* WHAT YOU WILL DO
Please give back, exactly as written, the lines from the line with "JUNACI IZ ISTRE" to the line with "Mercedes-Benz A 200 - 20" in the listing below, leaving out all pictures.

* RECORDED DATA
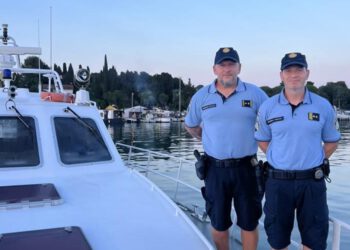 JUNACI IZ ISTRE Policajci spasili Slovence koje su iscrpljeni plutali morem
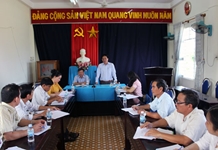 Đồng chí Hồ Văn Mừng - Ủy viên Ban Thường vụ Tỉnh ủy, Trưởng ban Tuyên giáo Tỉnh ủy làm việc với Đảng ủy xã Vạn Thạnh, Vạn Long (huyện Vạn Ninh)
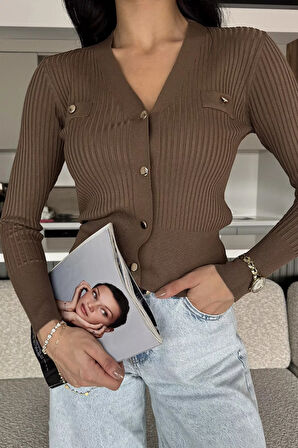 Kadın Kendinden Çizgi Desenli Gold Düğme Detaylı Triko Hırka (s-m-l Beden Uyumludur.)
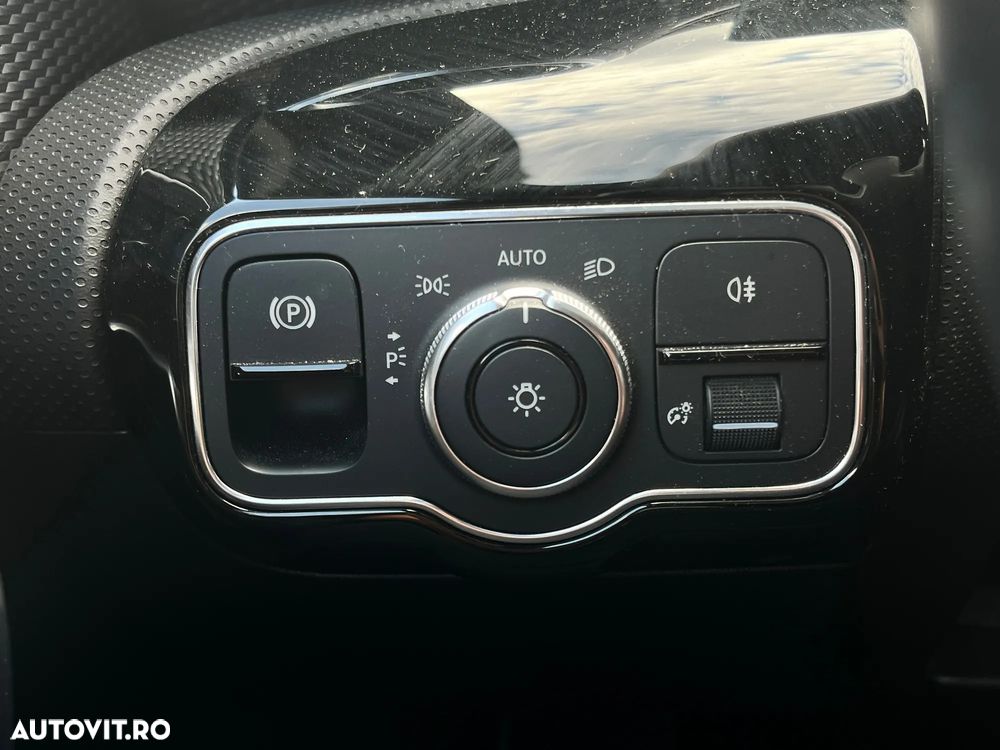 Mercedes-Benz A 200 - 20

---

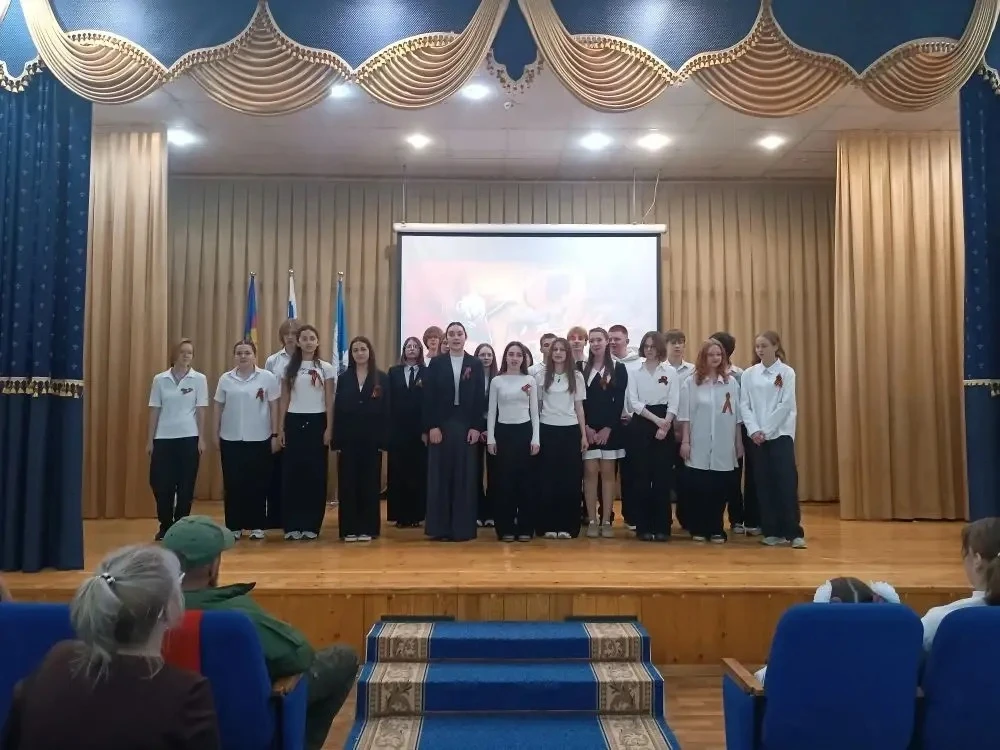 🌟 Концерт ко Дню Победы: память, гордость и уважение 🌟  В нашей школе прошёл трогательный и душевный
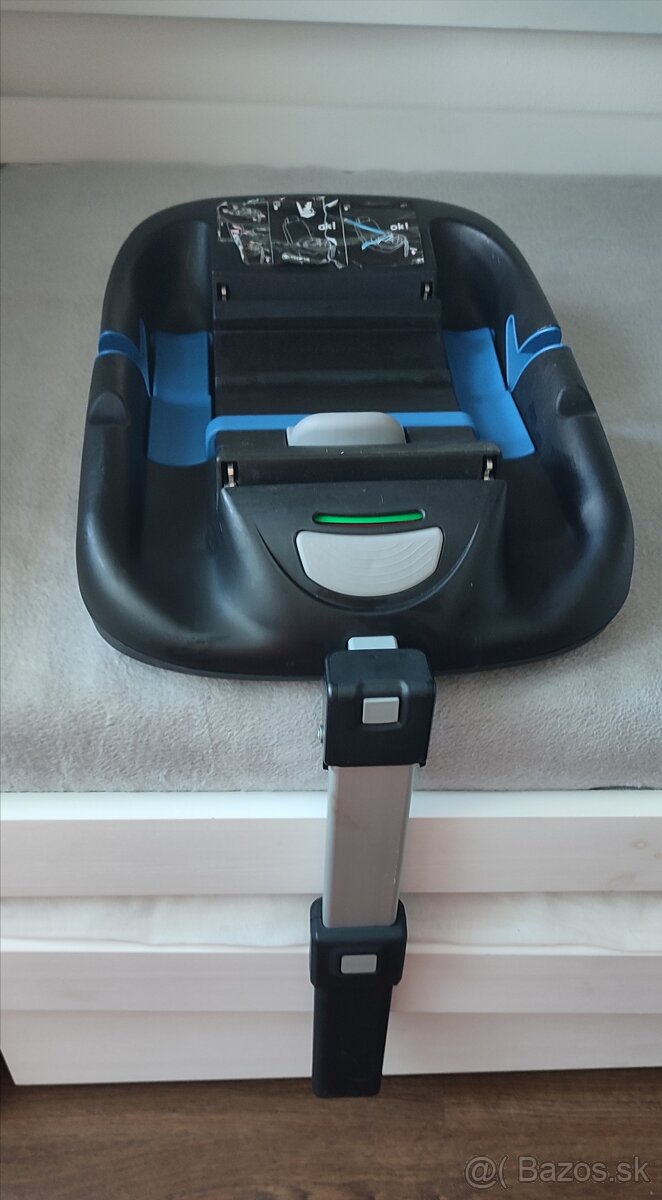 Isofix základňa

* * *

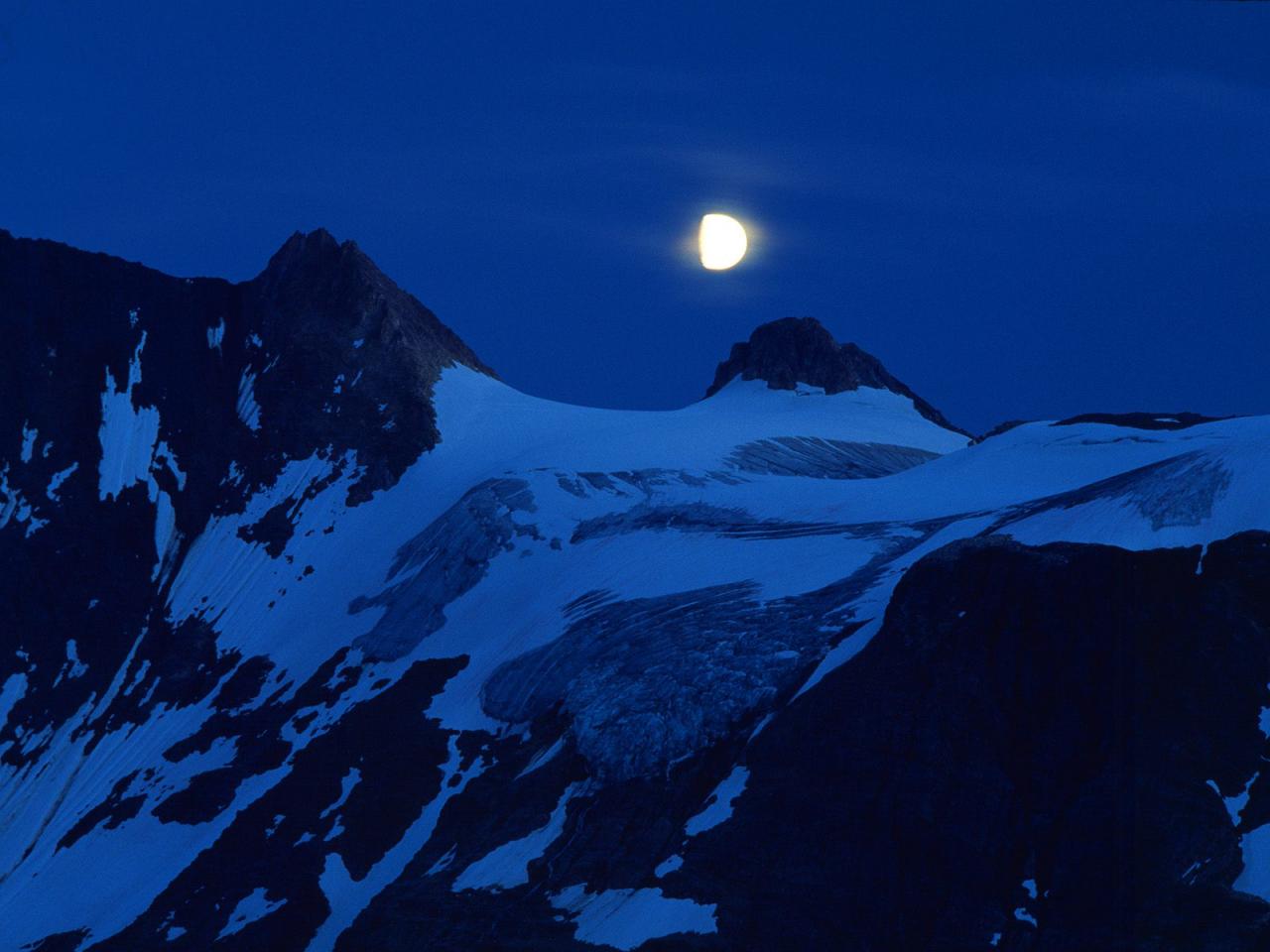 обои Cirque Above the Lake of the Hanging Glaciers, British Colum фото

* RESULT FOR THIS EXERCISE
 JUNACI IZ ISTRE Policajci spasili Slovence koje su iscrpljeni plutali morem
 Đồng chí Hồ Văn Mừng - Ủy viên Ban Thường vụ Tỉnh ủy, Trưởng ban Tuyên giáo Tỉnh ủy làm việc với Đảng ủy xã Vạn Thạnh, Vạn Long (huyện Vạn Ninh)
 Kadın Kendinden Çizgi Desenli Gold Düğme Detaylı Triko Hırka (s-m-l Beden Uyumludur.)
 Mercedes-Benz A 200 - 20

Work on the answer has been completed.